Le moins que l'on puisse dire, c'est que le projet de port méthanier de Rabaska réunit tous les gros poissons de l'économie du Québec. Pas vraiment étonnant que Québec se sente poussé dans le dos...
Le controversé projet de Lévis abrite une brochette de gens d'affaires influents qui, au besoin, trouvent une oreille attentive au bureau du premier ministre Jean Charest.

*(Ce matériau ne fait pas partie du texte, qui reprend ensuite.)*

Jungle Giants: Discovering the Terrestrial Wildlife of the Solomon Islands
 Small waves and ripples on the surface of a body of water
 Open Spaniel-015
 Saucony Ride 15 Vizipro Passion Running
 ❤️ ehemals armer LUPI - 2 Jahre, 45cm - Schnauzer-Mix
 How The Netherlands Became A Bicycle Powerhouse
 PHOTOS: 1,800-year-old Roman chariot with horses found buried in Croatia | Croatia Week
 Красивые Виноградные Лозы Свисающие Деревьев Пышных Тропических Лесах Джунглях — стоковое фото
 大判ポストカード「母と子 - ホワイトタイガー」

Que l'on pense à Paul Desmarais fils de Power Corporation, à Henri Massé et Yvon Bolduc de la FTQ et de son Fonds de solidarité, à Alban D'Amours du Mouvement Desjardins, à Henri- Paul Rousseau de la Caisse de dépôt et de placement, à Jacques Lamarre de SNC-Lavalin, tous ont des intérêts directs dans le projet de port méthanier de Rabaska, puisqu'ils sont actionnaires de Gaz Métro, un des trois joueurs du projet.
Fusion avec la France
Power Corporation est doublement impliquée depuis que le président français Nicolas Sarkozy, ami intime de la famille Desmarais, a permis la fusion de leur entreprise Suez, où siège Paul Desmarais fils, avec la société d'État Gaz de France, un des trois partenaires du projet Rabaska avec Gaz Métro et Enbridge.
Les Desmarais se trouvent maintenant en position de force dans le dossier avec des participations à la fois dans Gaz Métro et la future entreprise Suez-Gaz de France, en cours de fusion.
Réduire les gaz à effet de serre?
Un autre joueur qu'il faut mettre en contexte est Henri Massé, président de la FTQ. Le 28 septembre, dans une lettre conjointe avec l'écologiste Steven Guilbault publiée uniquement dans les journaux Gesca, il a défendu l'utilisation du gaz naturel au Québec comme un moyen de réduire les gaz à effet de serre en le substituant au mazout.
Une telle déclaration ne peut être compréhensible sans savoir que le Fonds de solidarité de la FTQ est le plus gros actionnaire privé québécois dans Gaz Métro et qu'il a lui aussi un intérêt financier direct dans le projet de port méthanier.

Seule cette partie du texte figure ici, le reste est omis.